Карташ узнал этот голос.
Или… или это уже глюки пошли?
Но галлюцинации не перерезают верёвки на запястьях, не освобождают от пут. Галлюцинации не придерживают твои руки, чтобы они не тряслись.
Уф, всё. Свободен, мать честная! Он попробовал сжать-разжать кисти. Пока пальцы слушались плохо, двигались будто не свои, но оживали с каждым новым толчком крови. Хотелось свести затёкшие руки перед собой, аж зубы сводило от хотения, – но придётся ещё малость потерпеть.
Кисть почувствовала холод металла. Карташ нащупал вложенную ему в ладонь рубчатую рукоять, провёл пальцем по гладкой округлости ствола…
Так живительно, как подействовало оружие, наверное, на него не подействовал бы и спецпрепарат из спецназовского арсенала, хитрая химия, заставляющего вроде бы падавшего без сил человека подниматься и часа два-три танком переть по пересечённой местности. От пистолета тело заряжалось неким током высокой частоты, который сугубо гражданскому человеку вряд ли знаком и который вряд ли уловит самая научная аппаратура, – но Карташ сейчас чувствовал и впитывал этот ток.
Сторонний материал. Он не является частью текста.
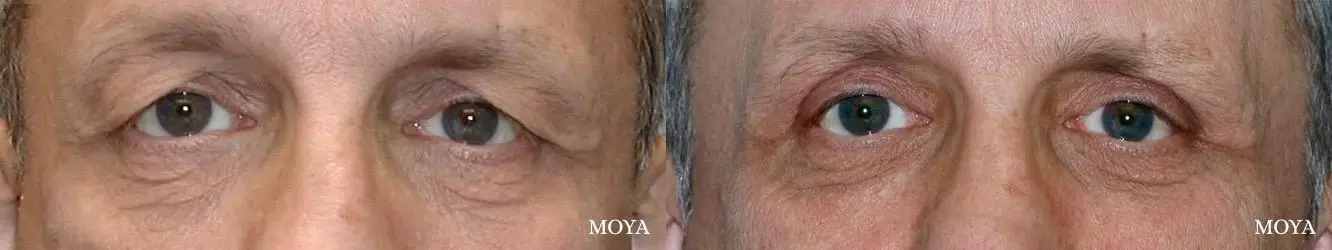 Eyelid Lift: Patient 15 - Before and After  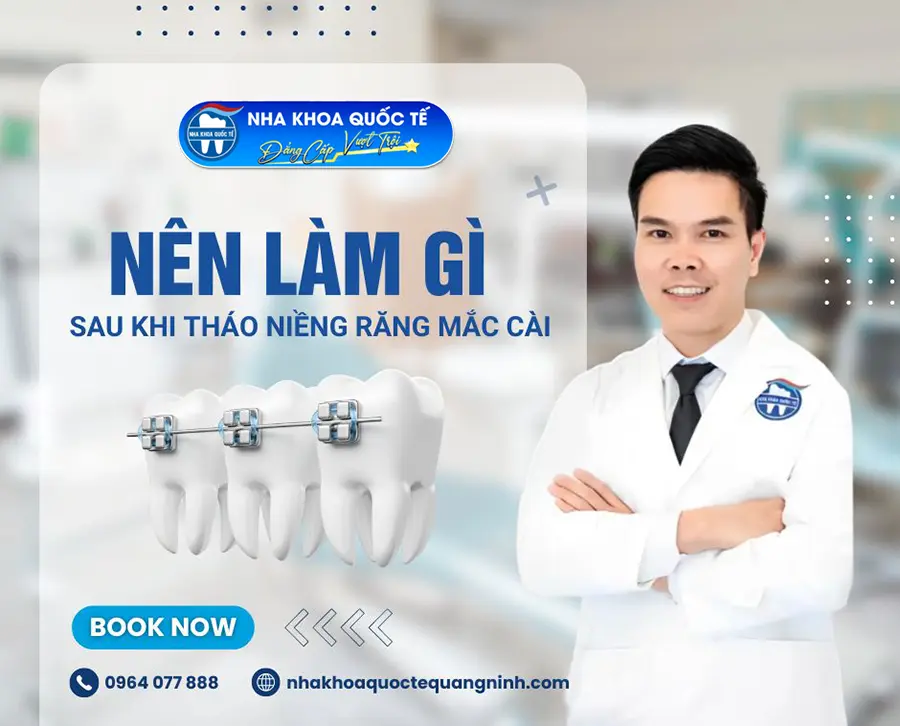 Lời khuyên bác sĩ sau tháo niềng răng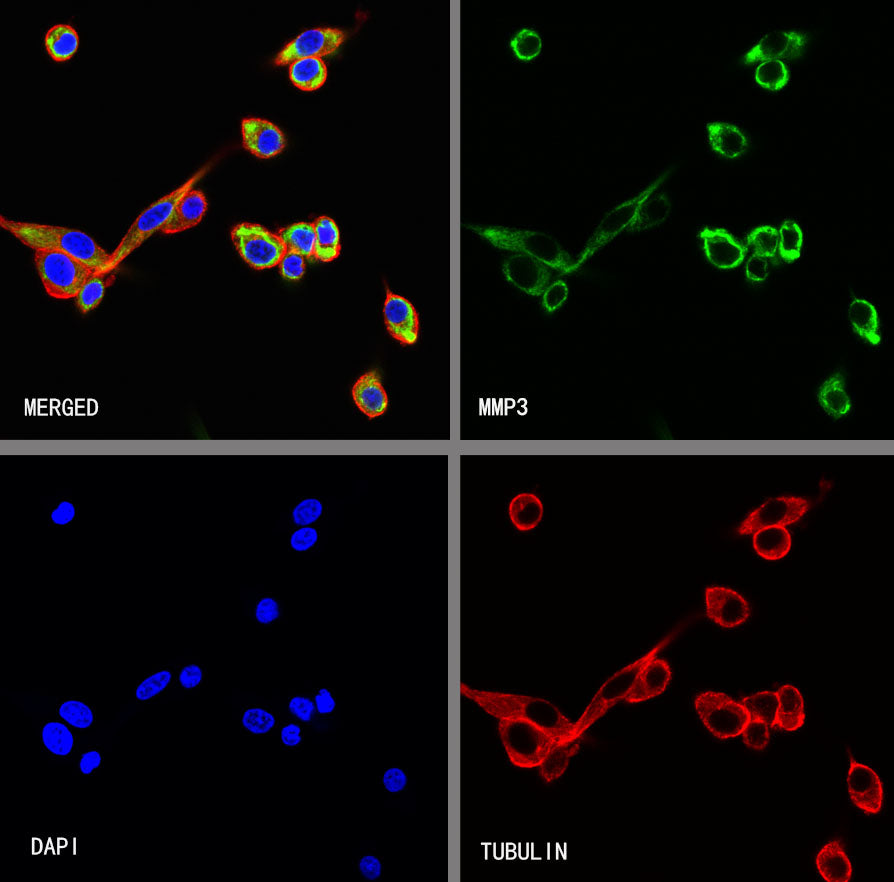 MMP3 Recombinant Rabbit mAb
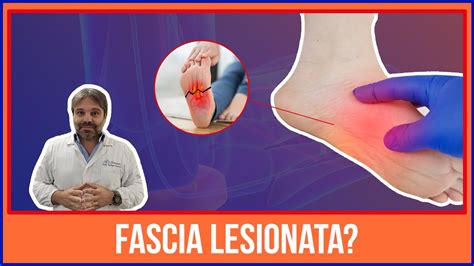 Se Hai Una FASCITE Ti Interessa Conoscere La LESIONE DELL FASCIA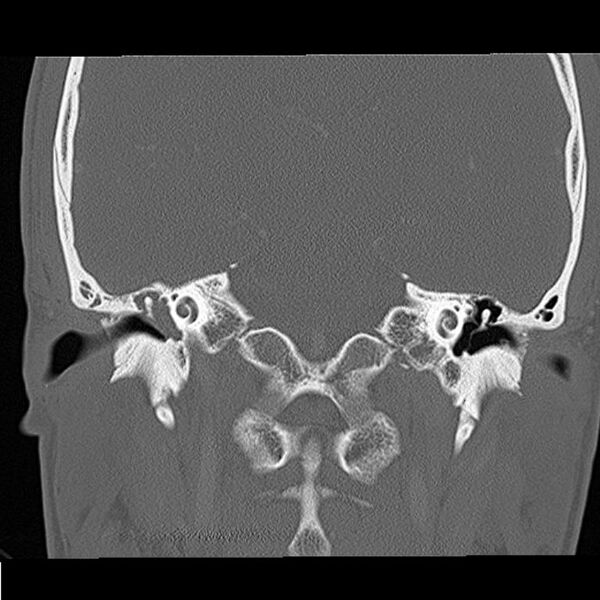 File:Acute otomastoiditis (Radiopaedia 28329-28575 Coronal bone window 12).jpg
– Берёшь на себя дергунчика в шинели и того, у костра. Начинаешь, когда упадёт рыжий…
Невесть откуда взявшийся посреди тайги «археолог» Гена правильно высчитал самого опасного. Угрюмый с автоматом не расставался, держал его умело и, не приходилось сомневаться, откроет огонь незамедлительно. Шуруп тоже растеряться не должен, но ему ещё дотянуться надо до автомата. И у кого-то заныкан «Макаров» – про это Карташ, разумеется, забыть не мог.
Алексей услышал, что Гена отползает от дерева, шурша хвоей и палыми листьями, покрывающими землю.
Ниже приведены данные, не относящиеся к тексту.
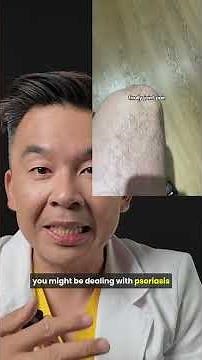 Psoriasis or just dry skin?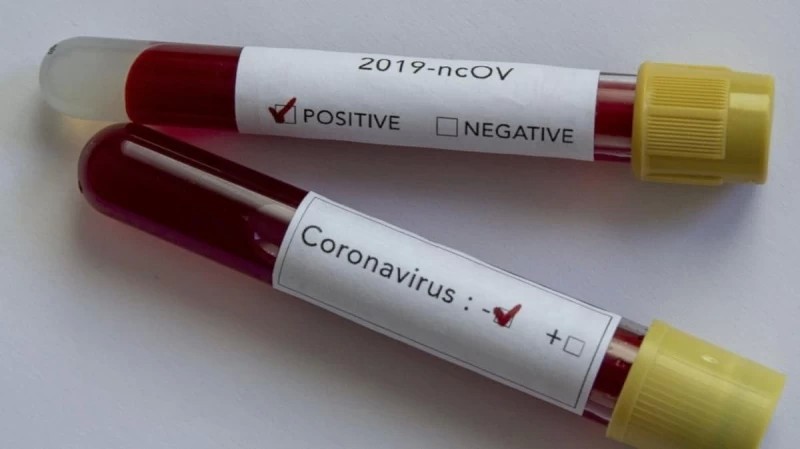 Сергиев Посад - среди антилидеров по Covid-19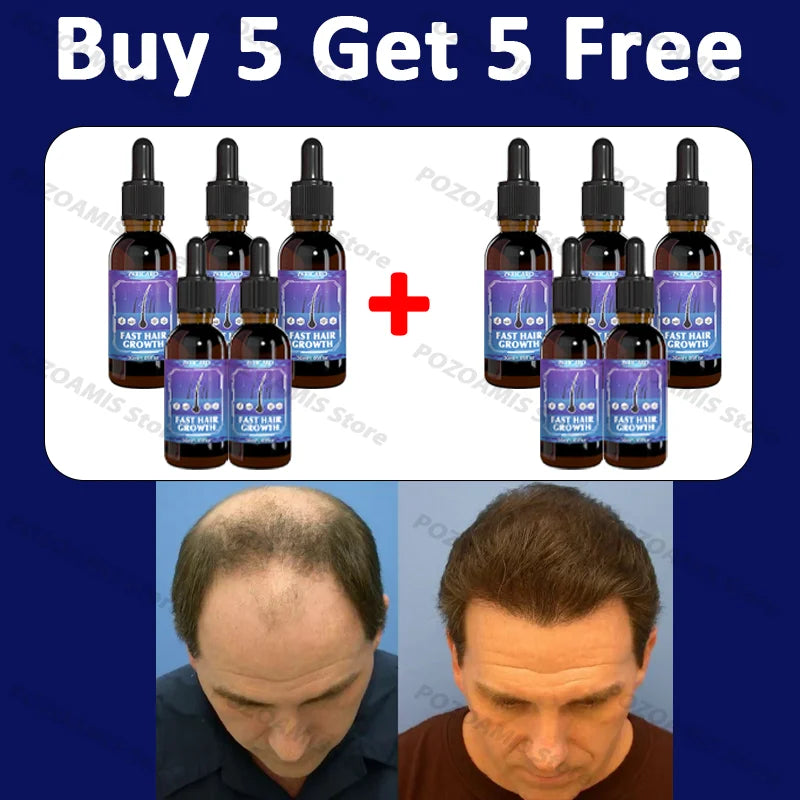 Say goodbye to baldness and have thicker hair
Он коснулся предохранителя – сдвинут, – нащупал скобу, положил палец на спусковой крючок. Готов.
Гриневский и беглые зэки всё ещё препирались, но Карташ не вслушивался в их базары, однако они враз потеряли для него всякий смысл и интерес.
– Чифирек готов, – известил филосов-костровой, жить которому оставалось вряд ли больше минуты.
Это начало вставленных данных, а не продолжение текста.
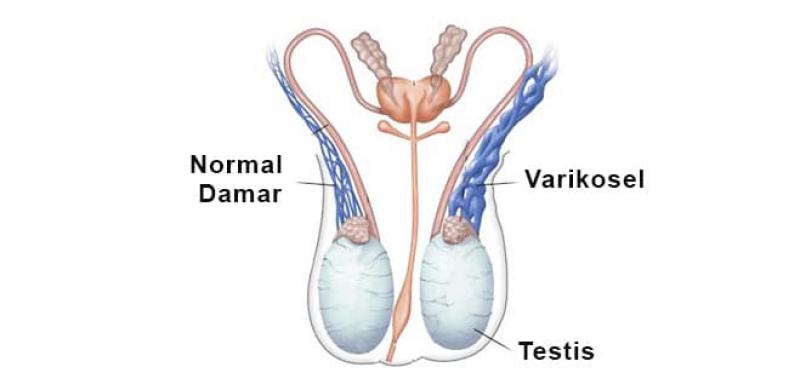 Varikosel Ameliyat Sonras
– То дело! – Шуруп встал с бушлата, потирая ладони. – Мозга прояснится, тогда и…
Едва слышный хлопок – и голова Угрюмого дёрнулась, на лбу выросло тёмное пятно. «Бесшумка», – машинально отметил Карташ, отталкиваясь от дерева. Рывком вскочил на ноги, поднял руки, сжимая пистолет, выцелил фигуру в солдатской шинели. Два раза нажал на спуск.
Дважды грохнуло, и Болек упал, нелепо взмахнув руками.
Шуруп прыгнул к своему «калашу», но в полёте был настигнут пулей, выпущенной притаившимся в зарослях «аспирантом». Вожак безжизненно вытянулся на земле, так и не добравшись до автомата…
А вот костровой оказался самым сметливым и проворным. Он не стал прорываться к оружию, не стал вступать в единоборства, он вскочил и припустил к ближайшим деревьям, чтобы нырнуть в темноту и скрыться в тайге, петляя меж стволами. Гриневский крутанулся в каком-то немыслимом акробатическом пассаже, выбросил вперёд длинные ноги и подсёк азиата-кострового. Тот рухнул лицом вниз, но тут же ловко перевернулся на спину…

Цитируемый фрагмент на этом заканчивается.